Best practice to implement a low latency live financial data feed using WCF?

Question

I have a .NET service which need to feed live financial data to its clients. The output rate for this feed might get intense and I am looking for the best architecture to implement this type of service with low latency and high performance.

I was thinking of using some kind of a stream data provider, one that is used for audio or video, but send feed updates instead.

Would appreciate any thought on this subject, or any real world examples

Update:

I don't have to use WCF, that was only my first approach since it is the current technology. Any other implementation in C# is welcome.
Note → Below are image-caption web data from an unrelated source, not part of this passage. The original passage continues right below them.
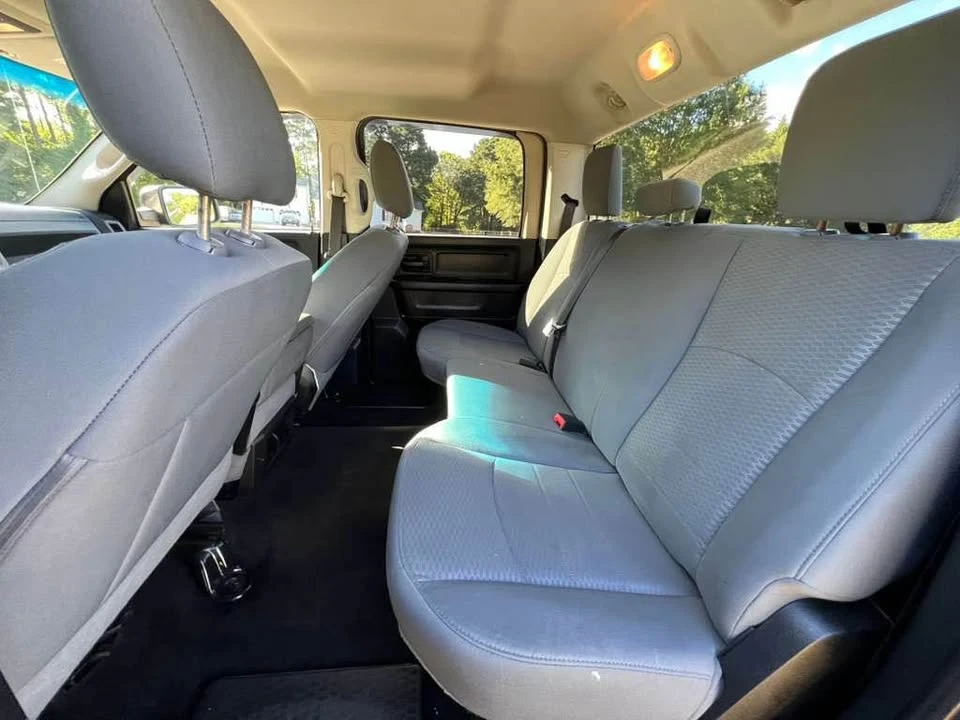 2014 Dodge Ram 4th Gen - Image 10 of 17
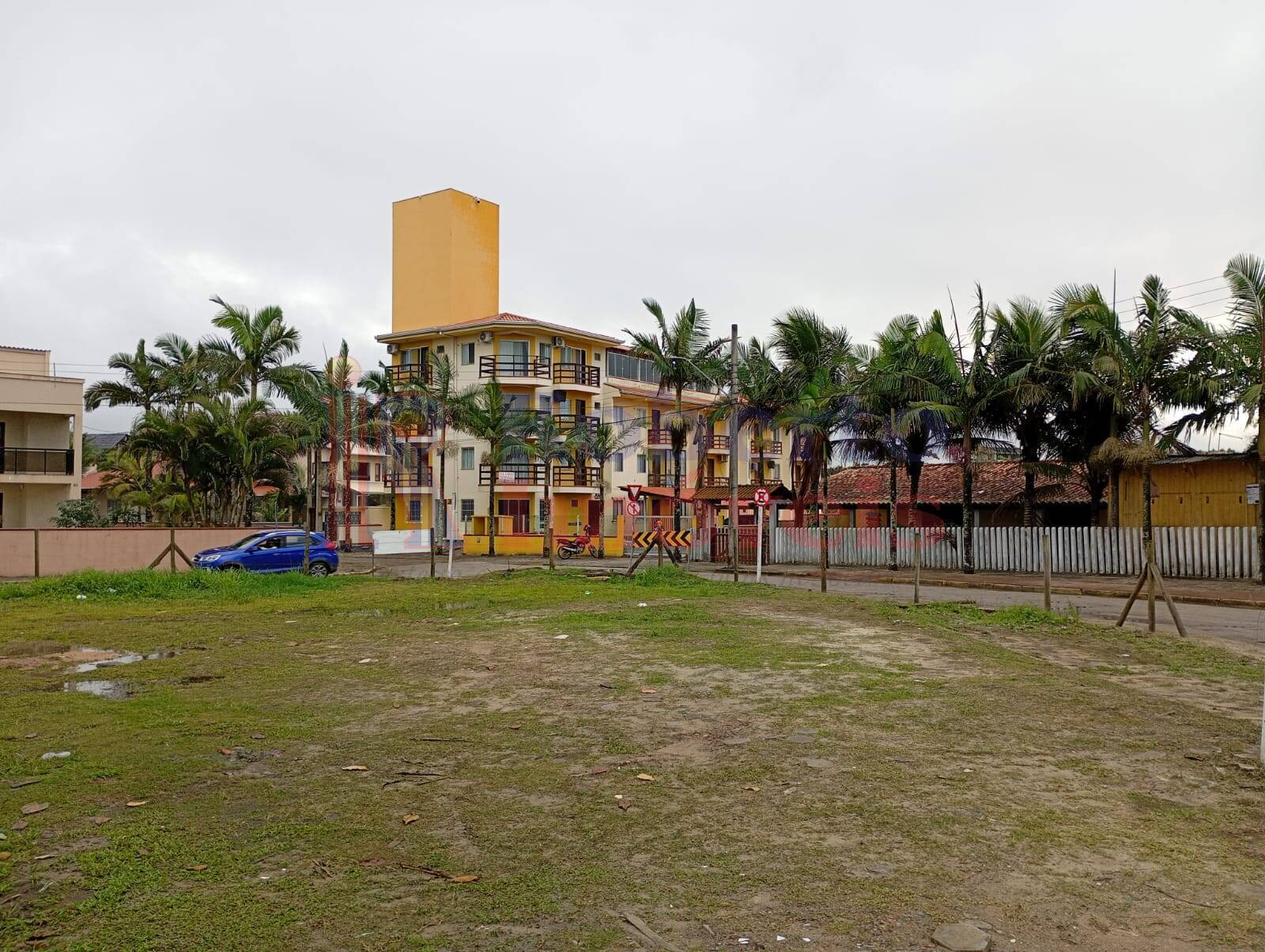 Apartamento, 2 quartos - Foto 2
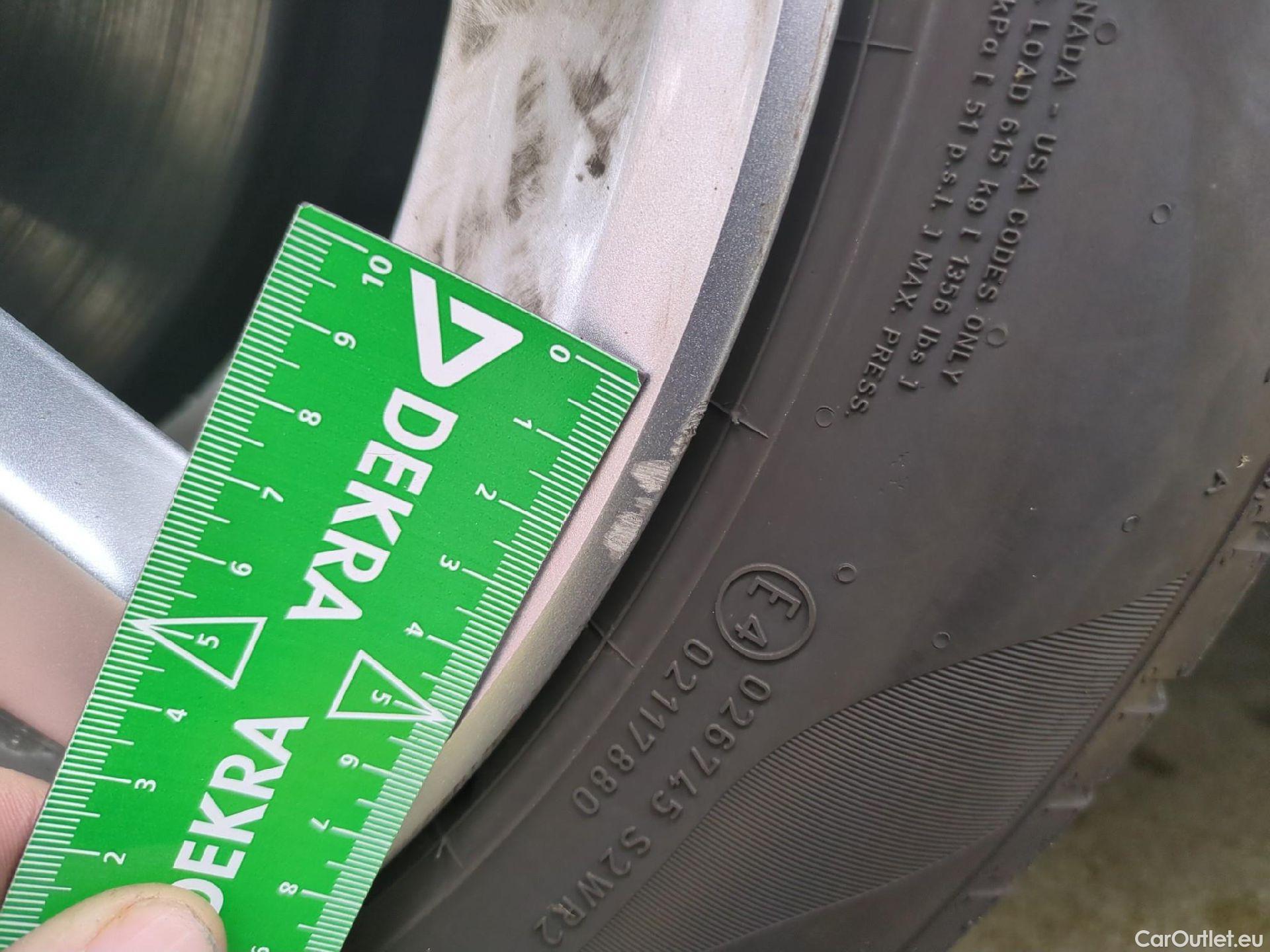  Peugeot  308  SW Active Business 1.5 HDi 130CV BVA8 E6d #4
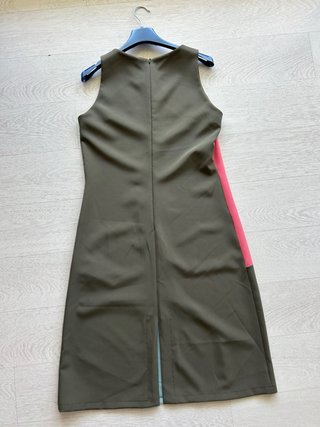 Vestido mujer
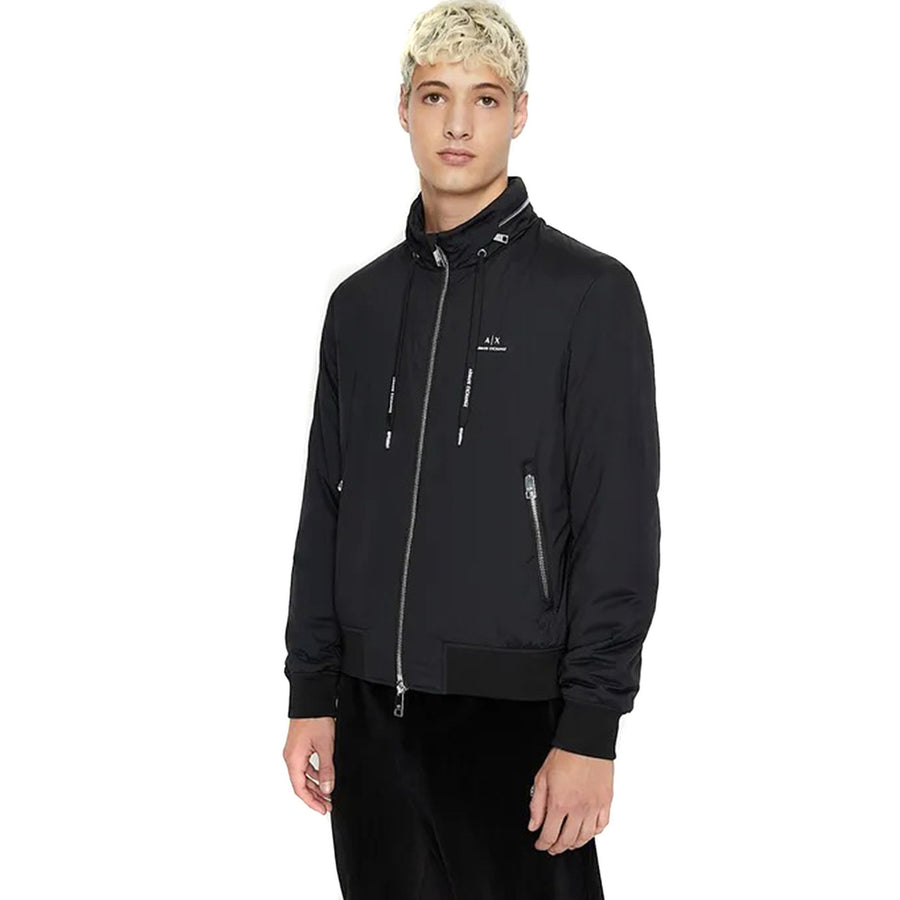 Armani Exchange Hombre Chaquetas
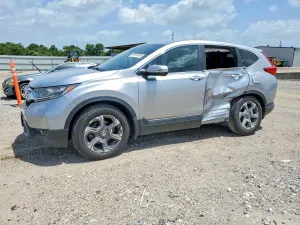 Honda CR-V 1.5L 4 2018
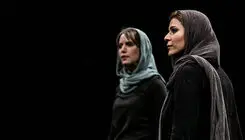 سحر دولتشاهی، هوتن شکیبا و ستاره پسیانی در ماجرای «مرگ هوتن»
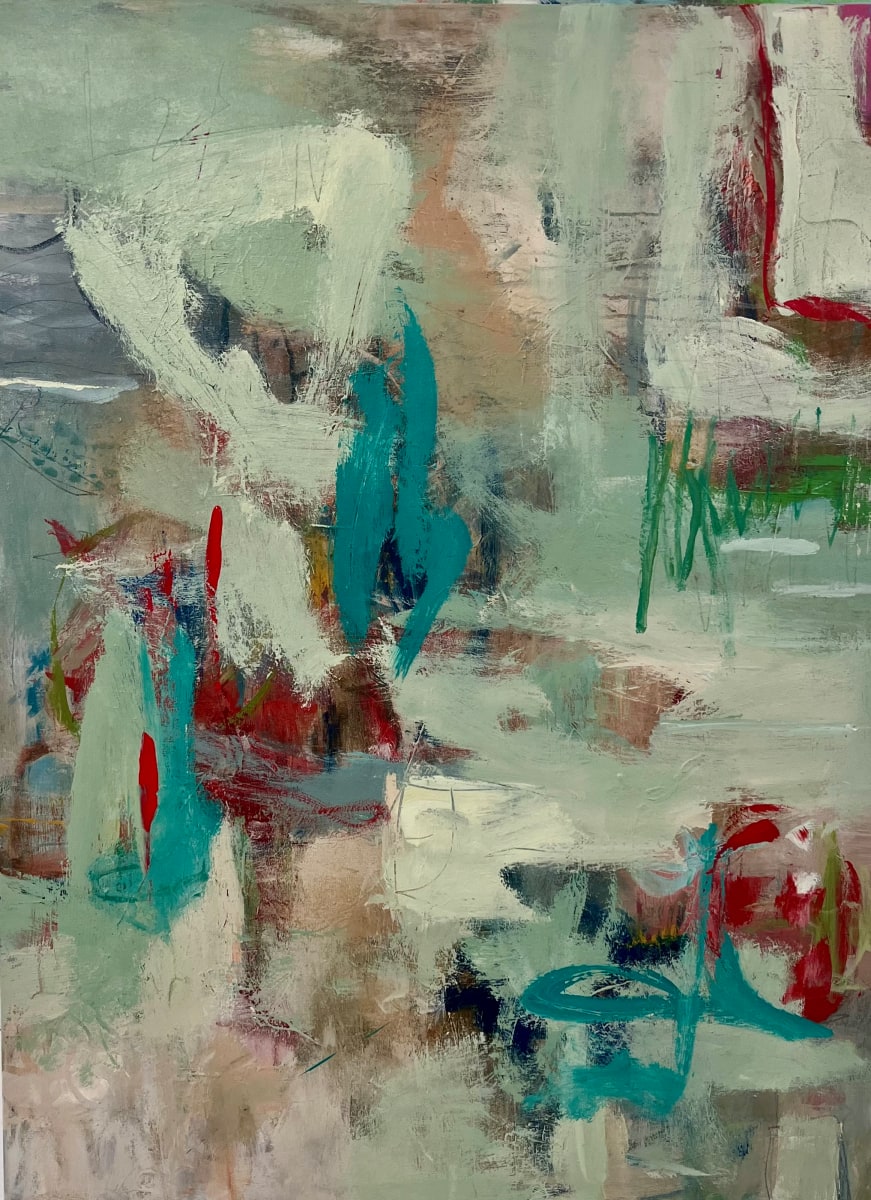 Resurrection by ginger turner, Image 6.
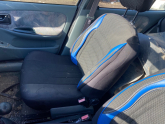 Oto Çıkma Parça / Renault / Megane / Koltuk & Döşeme / Yolcu Koltuğu / Çıkma Parça 
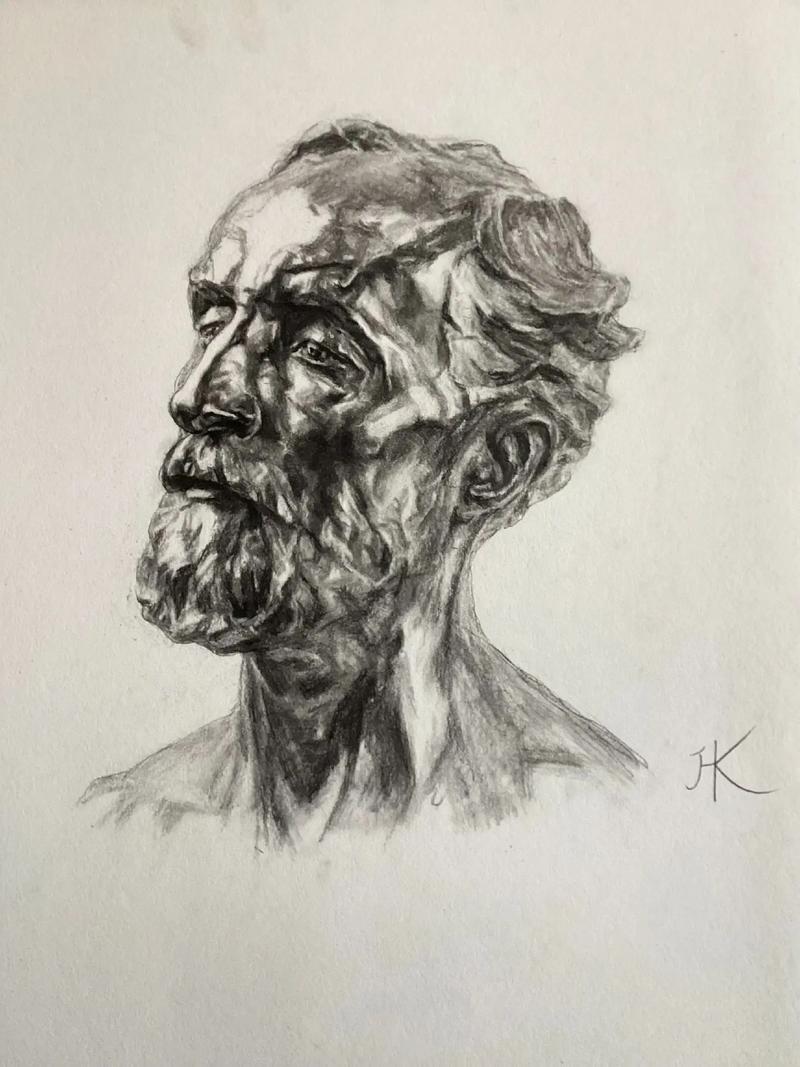 海南美术联考1000名意味着什么？-第3张图片-泰美艺术培训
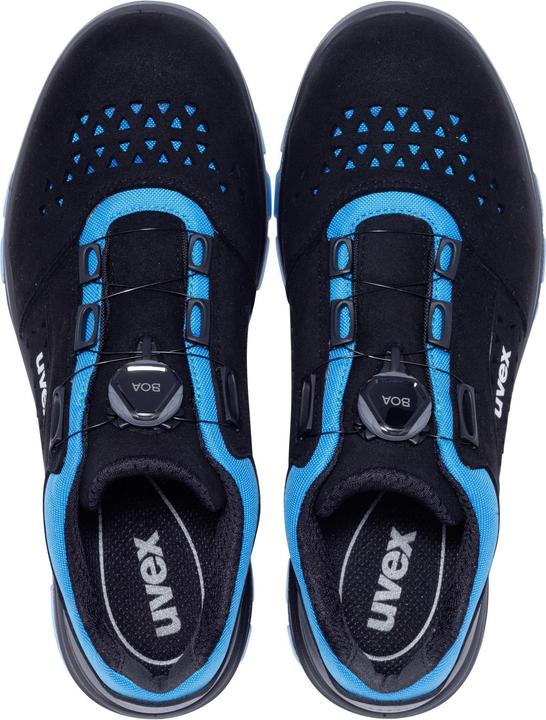 Produktbild Uvex Safety 2 xenova (S1P, 41)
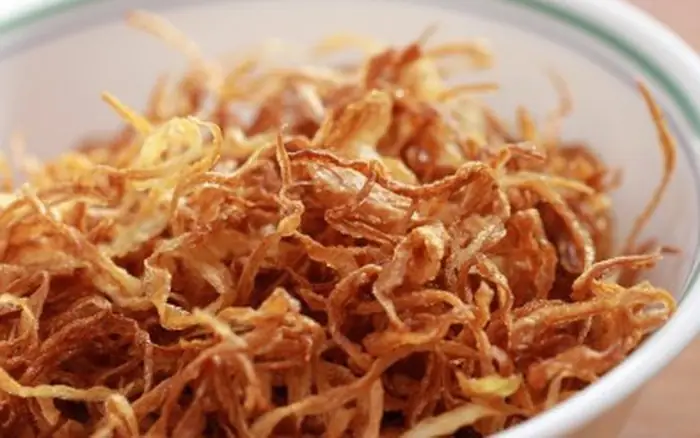 Cách Làm Hành Bánh Cuốn Thơm Ngon, Chuẩn Vị Tại Nhà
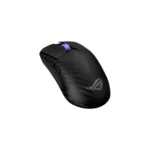 ASUS ROG Harpe Ace Extreme – Mouse Gaming Wireless Ultra-Leggero in Fibra di Carbonio da 47 g, 8000 Hz, Sensore 42.000 DPI - immagine 9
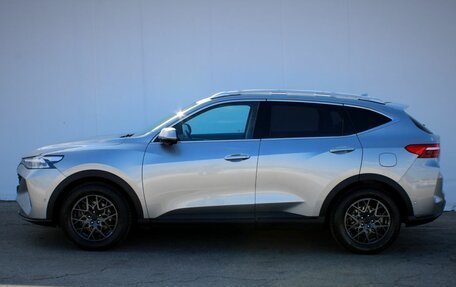 Haval F7 I, 2023 год, 2 149 000 рублей, 4 фотография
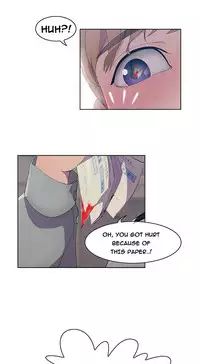 [Studio Gale] Lady Garden Ch.1-32 (English) (Ongoing)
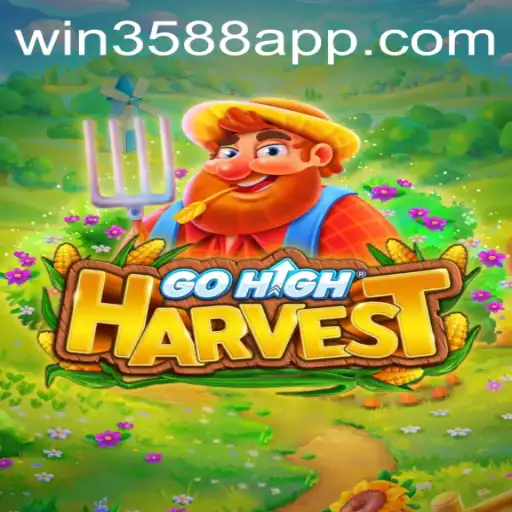 Descubra todo o potencial do GoHighHarvest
I am not sure that WCF is sutable for that. It is too thick. I recommend raw sockets + Protocol Buffers. Convenient and very fast. — Andrey, Apr 22 '11 at 17:17
@Andrey that is ***exactly*** how I would do it; there are several protocol buffers libraries available for c# — Marc Gravell, Apr 22 '11 at 17:24
@Marc Gravell♦ I became big fan of Protocol Buffers. Btw I use your implementation (protobuf-net) and it is so great! Thanks for it! :) — Andrey, Apr 22 '11 at 17:29
@Andrey thanks, can you point me to some case studies or documentation for this approach with C#? — Sol, Apr 22 '11 at 18:23
Did you have a look at Node.js and its implementation for pub-sub such as http://howtonode.org/redis-pubsub — Chandermani, Apr 22 '11 at 18:41
I thought if you are chasing some performance, you should not look at .net in the first place, the whole framework is thick. But again, it depends on how fast is fast. — Yuan, Apr 26 '11 at 20:45
@MarcGravell, So can I assume that protobuf-net is compatible with ordinary proto-buf? (like if a C# client is talking with a C++ server). — Jiminion, Jun 06 '14 at 17:32
@Jim yes the binary protocol is the binary protocol. Some features may be easier or harder on different implementations, of course. — Marc Gravell, Jun 06 '14 at 17:48
@MarcGravell, TY. Can they be driven by the same .proto file (assuming we are only doing simple stuff....)? Thanks again. — Jiminion, Jun 06 '14 at 17:50
@Jim yes, but for that you *might* find it easier to work from protobuf-csharp-port instead. — Marc Gravell, Jun 06 '14 at 18:01
We have achieved over 14 million messages per second using out .Net port of Aeron which can be found here : https://github.com/AdaptiveConsulting/Aeron.NET — Rich Linnell, Nov 18 '17 at 06:40

score 38 · Answer 1 · edited Jun 30 '14 at 16:49

Full Disclosure: I work for Informatica (formerly 29West) and am on the engineering team responsible for their messaging products. I am biased. I do, however, have a pretty good grasp of low-latency messaging in the financial market.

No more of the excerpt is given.